Once the baby stopped waking up every two to four hours it would be time to resume normal gaming habits again, or so I told myself.

I’d done nothing for the last four months but get up, go to work, come home, help clean the house, help make dinner, give the baby a bath, put the baby to bed, hang out with my wife for an hour, go to bed tired, wake up exhausted – rinse and repeat. Every night I sat on the couch and stared at the growing collection of games that I had no time to play but refused to stop buying.  Invariably the task of actually picking one, just one, to play to completion would prove too daunting and I would spend the night in search of even more sedentary activity.

Usually this devolved into trolling gaming sites or curled up on the couch, eyes slowly glazing over as the latest in a long list of depressingly banal, and thoroughly unentertaining, rom-coms sent me into an inevitable eight-hour coma.

It was okay though because soon, I was going to take at least part of my life back – I had a plan. I was going to play Fallout 3 as both a good guy and a bad guy (experiencing all the game had to offer both times). I was going to consistently be the dude with the most kills on my deathmatch team in Modern Warfare 2.  And lastly, I was going to play through all of those quirky XBLA, PSN, and WiiWare games that my impulse buying seemed powerless against.

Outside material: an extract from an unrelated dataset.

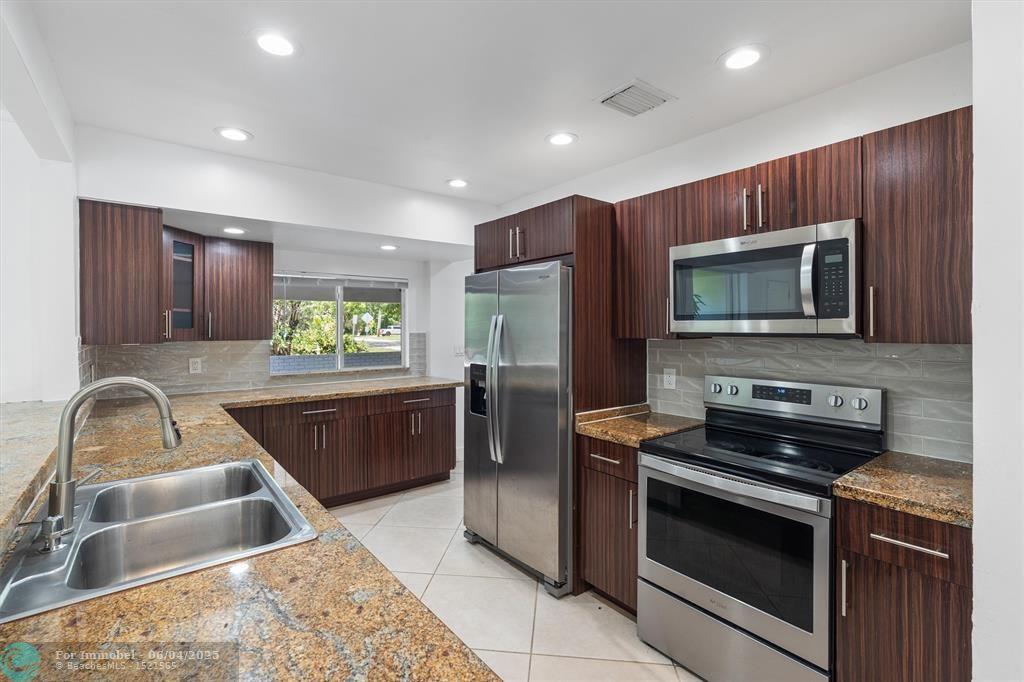 4460 NE 13th Ter, Oakland Park, Florida 33334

At first, these didn’t seem like such tough goals to attain. After all, my love affair with gaming has waxed and waned over the years. I’d fallen out of love at the end of the N64/PS1 era but become smitten once again with Metroid Prime and GTA: Vice City. I’d called it quits after Resident Evil 4 but reconciled with Oblivion.

grand theft auto v details

This was just cyclical, I told myself.  It was a phase, right?  Why should things be different now?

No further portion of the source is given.